The report affirmed OPEC’s confidence that working with global partners will be able to overcome this enormous obstacle and move forward towards a more stable and predictable world, where the economy and energy markets can thrive again.
He pointed to the assertion of United Nations Secretary-General Antonio Guterres that there is no other way to deal with global challenges than joint and organized international responses in a multilateral manner, noting that among the shining examples of this multilateral approach is the declaration of cooperation now in its fourth year and the long-term cooperation charter that It changed the way the industry did business as it ushered in a new era in global energy cooperation.
On the other hand, with regard to prices at the end of the week and month, oil prices fell yesterday, and I suffered losses for the second consecutive month, as fears are simmering about the expectations of fuel consumption in light of the growing cases of Covid-19 disease in Europe and the United States.
Brent crude fell 19 cents, to settle the settlement price at $ 37.46 a barrel, after touching the lowest level in five months of $ 36.64 in the previous session. The contract for the nearest maturity of Brent crude was dissolved today, and the January contract closed down 32 cents.

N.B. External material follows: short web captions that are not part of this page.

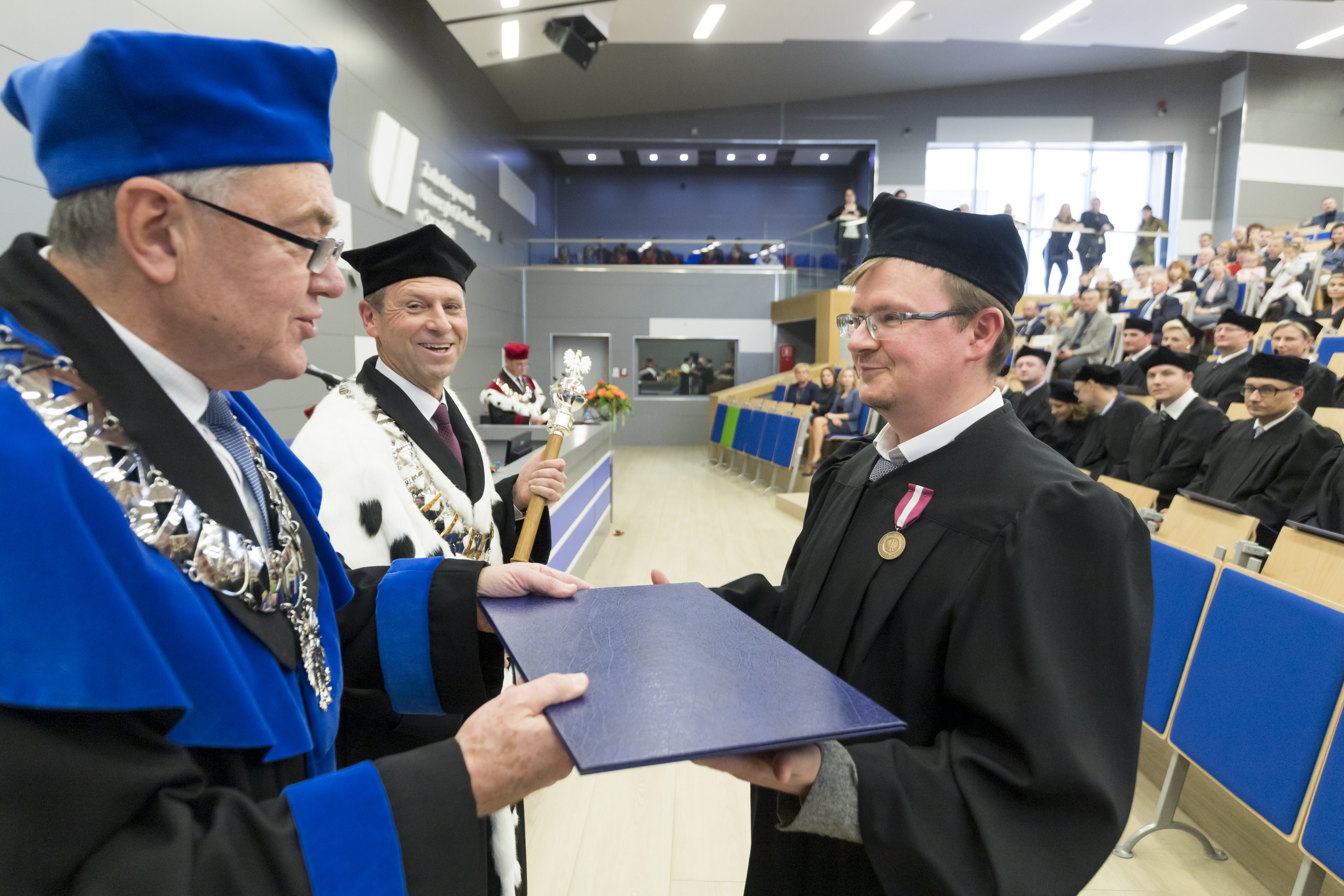 Wręczenie dyplomu habilitacyjnego - WTiICh Konrad Witkiewicz (2)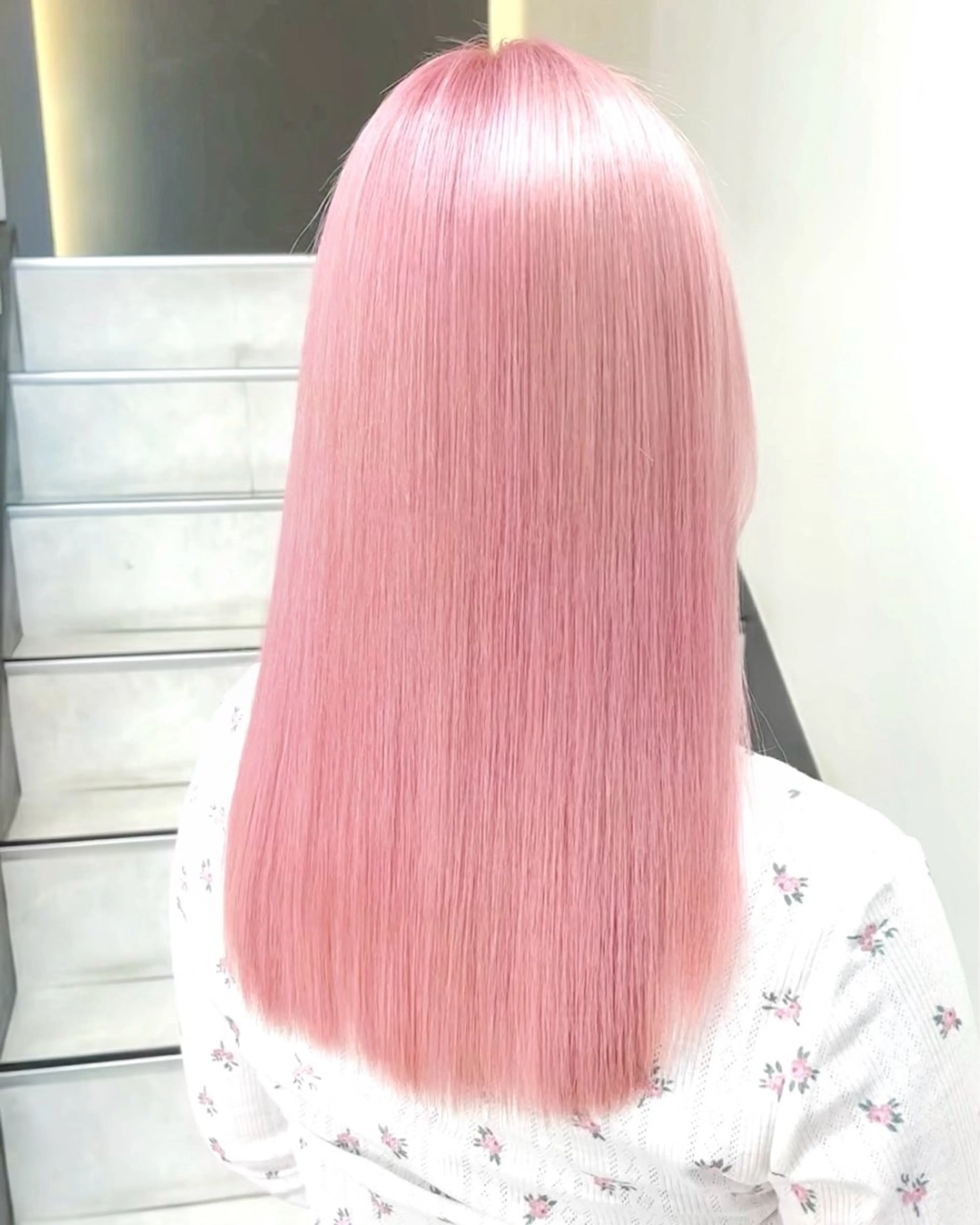 🎀【ミニモ学割】🎀ブリーチ２回＋高発色ケアカラー✨１回でペール系にしたい方はこちらの写真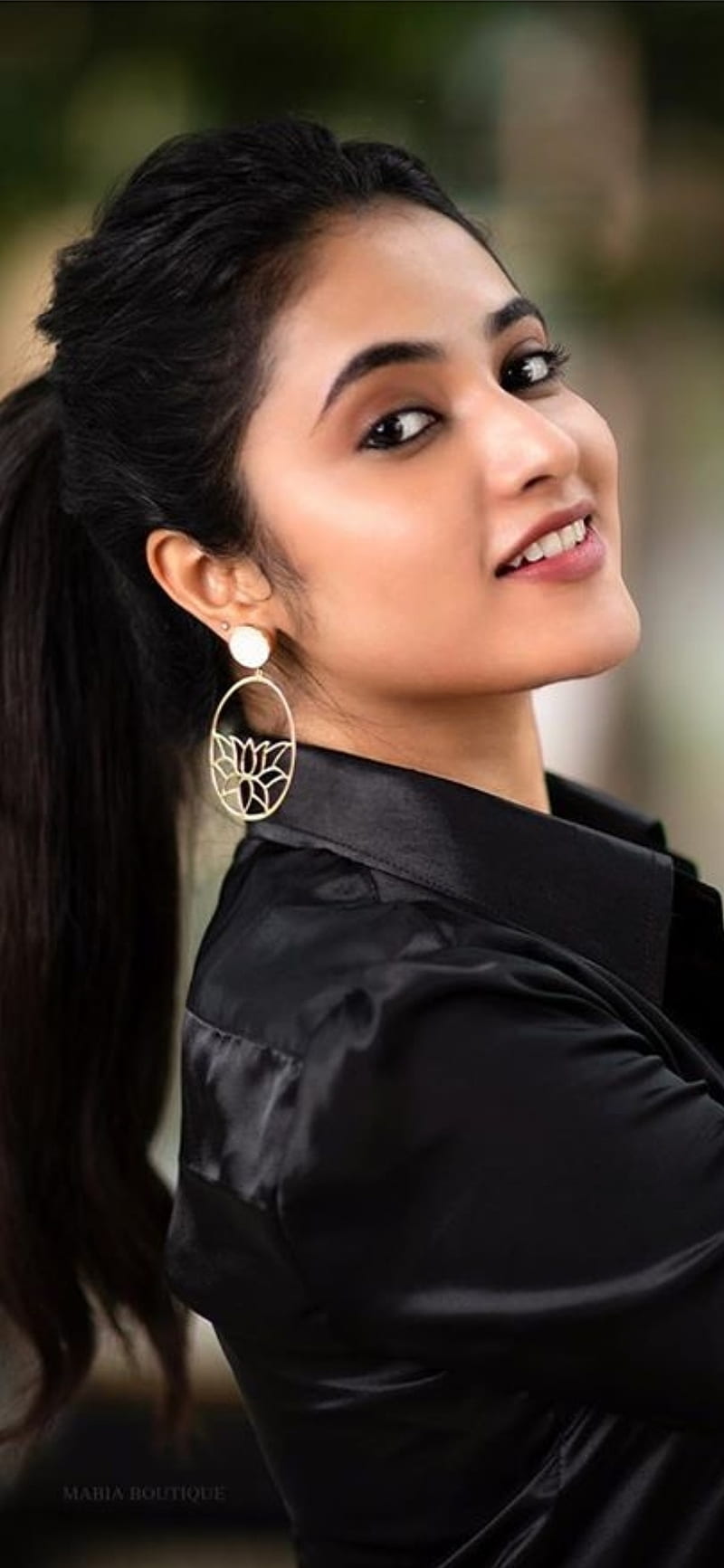 Priyanka Mohan, actress, doctor, gangleader, nani, sivakarthikeyan, south,  tamil, HD phone wallpaper | Peakpx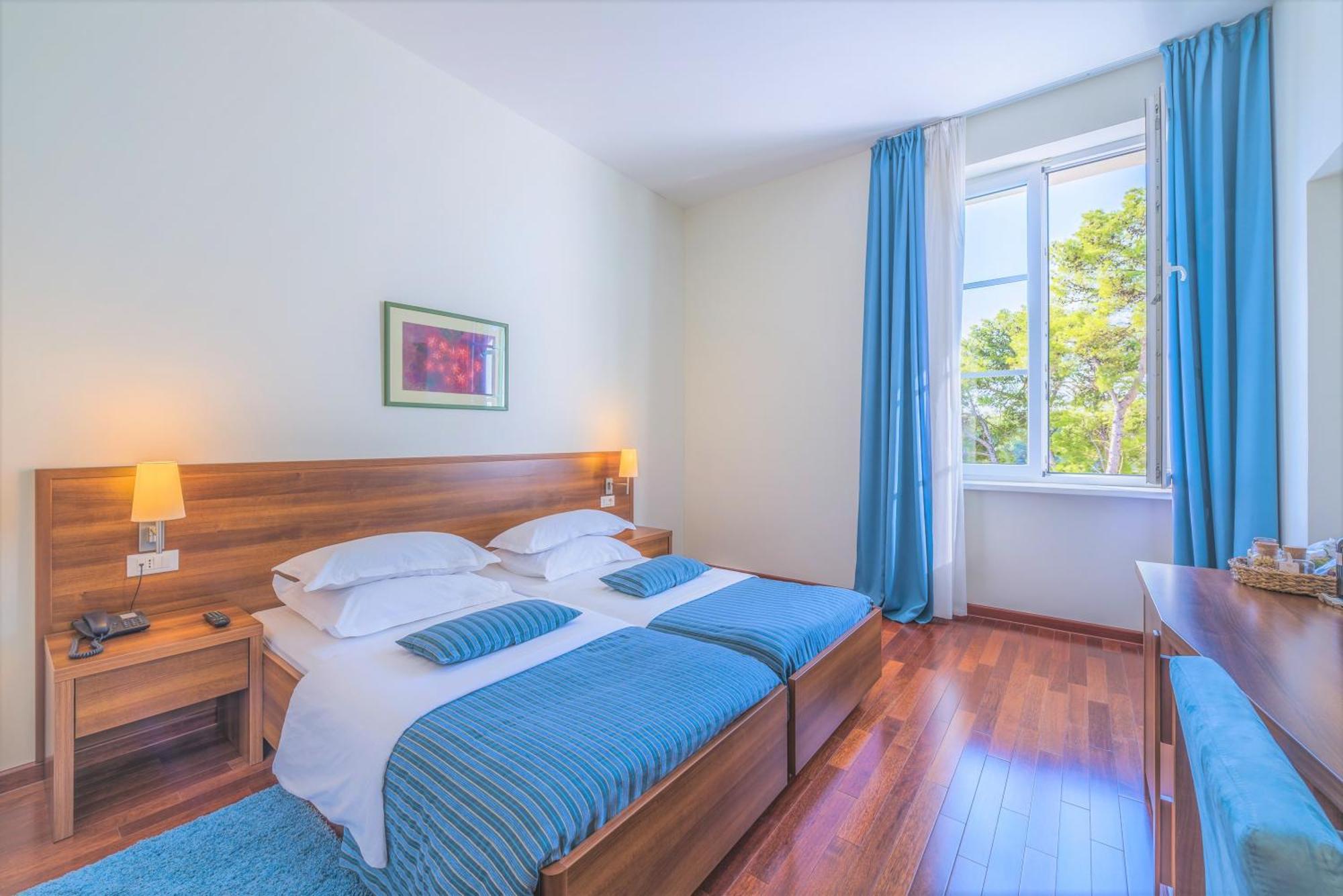 Aminess Vival Velaris Resort Supetar Ruang foto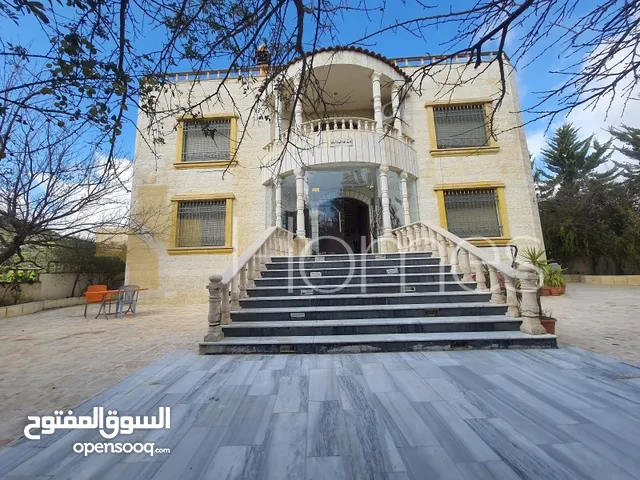 800 m2 4 Bedrooms Villa for Sale in Amman Airport Road - Manaseer Gs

US West Texas Intermediate crude fell 38 cents, to close at $ 35.79 a barrel, after falling to its lowest price since June (June) last Thursday, when it hit $ 34.92.
West Texas declined 11 percent over the course of the month, while Brent lost 10 percent, and oil prices fell during yesterday’s trading, with the dollar turning higher against most major currencies, but concerns about global demand as a result of the Corona crisis negatively affect the performance of crude.
And the company, “Baker Hughes” for oil services, announced that the number of oil rigs in the United States increased with ten rigs to 221 this week.
The number of people infected with Coronavirus worldwide has exceeded 45 million cases, forcing countries such as France and Germany to return to lockdown restrictions and impose isolation measures to contain the disease.
On the other hand, by 18:17 GMT, the dollar index (against a basket of major currencies) rose 0.1 percent to 94.04 points, and reached the highest level at 94.07 points, while the lowest level was recorded at 93.6 points.
In terms of trading, US Nymex crude futures for December delivery by 18:13 GMT fell 2.4 percent to $ 35.2 a barrel, and recorded the highest price at $ 36.6 and the lowest price at $ 35.2.
Brent crude for December delivery fell 0.7 percent to 37.3 dollars a barrel, and recorded the highest price at 38.1 dollars and the lowest price at 36.8 dollars.